Was Kennedy A Conservative? Well…Ronald Reagan Saw Marx And Hitler In JFK’s ‘Bold New Program’
The opportunistic right-wing campaign to claim John Fitzgerald Kennedy as a “conservative” on the 50th anniversary of his death never made much sense — and may now perhaps conclude with a quotation from the ultimate Republican authority: their most revered presidential hero, Ronald Wilson Reagan.

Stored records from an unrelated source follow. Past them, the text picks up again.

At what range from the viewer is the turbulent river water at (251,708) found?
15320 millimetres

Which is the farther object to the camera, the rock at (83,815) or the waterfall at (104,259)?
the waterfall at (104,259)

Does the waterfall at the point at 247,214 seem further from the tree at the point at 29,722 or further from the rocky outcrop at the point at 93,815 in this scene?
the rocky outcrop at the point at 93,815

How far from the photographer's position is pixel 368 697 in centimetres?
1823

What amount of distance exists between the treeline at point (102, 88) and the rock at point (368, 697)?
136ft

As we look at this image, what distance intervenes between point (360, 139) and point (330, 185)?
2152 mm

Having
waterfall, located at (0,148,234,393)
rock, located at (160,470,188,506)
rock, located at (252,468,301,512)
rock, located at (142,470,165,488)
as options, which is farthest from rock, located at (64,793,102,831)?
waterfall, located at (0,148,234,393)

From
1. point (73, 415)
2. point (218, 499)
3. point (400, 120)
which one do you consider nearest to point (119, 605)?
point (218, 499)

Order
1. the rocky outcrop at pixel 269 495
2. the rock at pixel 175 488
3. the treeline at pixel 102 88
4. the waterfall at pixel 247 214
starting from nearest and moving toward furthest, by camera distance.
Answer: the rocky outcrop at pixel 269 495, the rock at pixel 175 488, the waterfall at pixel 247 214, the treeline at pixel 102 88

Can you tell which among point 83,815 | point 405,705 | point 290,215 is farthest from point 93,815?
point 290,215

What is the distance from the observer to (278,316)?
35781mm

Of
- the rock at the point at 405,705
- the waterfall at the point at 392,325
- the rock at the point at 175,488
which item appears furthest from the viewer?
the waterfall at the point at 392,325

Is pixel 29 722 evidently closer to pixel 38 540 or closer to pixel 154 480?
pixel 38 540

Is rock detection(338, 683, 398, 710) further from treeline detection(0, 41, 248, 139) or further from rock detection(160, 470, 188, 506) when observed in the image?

In a 1960 letter to the somewhat less heroic Richard Milhous Nixon, then running as the GOP presidential nominee against the liberal Massachusetts senator, Reagan vented his private opinion about Kennedy’s ideology in full with comparisons to a couple of other historical figures:
Shouldn’t someone tag Mr. Kennedy’s ‘bold new imaginative program’ with its proper age? Under the tousled boyish haircut it is still old Karl Marx — first launched a century ago. There is nothing new in the idea of a government being Big Brother to us all. Hitler called his state ‘State Socialism,’ and way before him it was relevant benevolent monarchy.
Whatever the quality of Reagan’s analogies, they were clearly not meant as compliments to the Democratic presidential nominee, but reflected the dominant view of JFK among the conservatives of that era. The letter to Nixon is quoted in The Right Moment: Ronald Reagan’s First Victory and the Decisive Turning Point in American Politics (Simon & Schuster, 2000), by Matthew Dallek.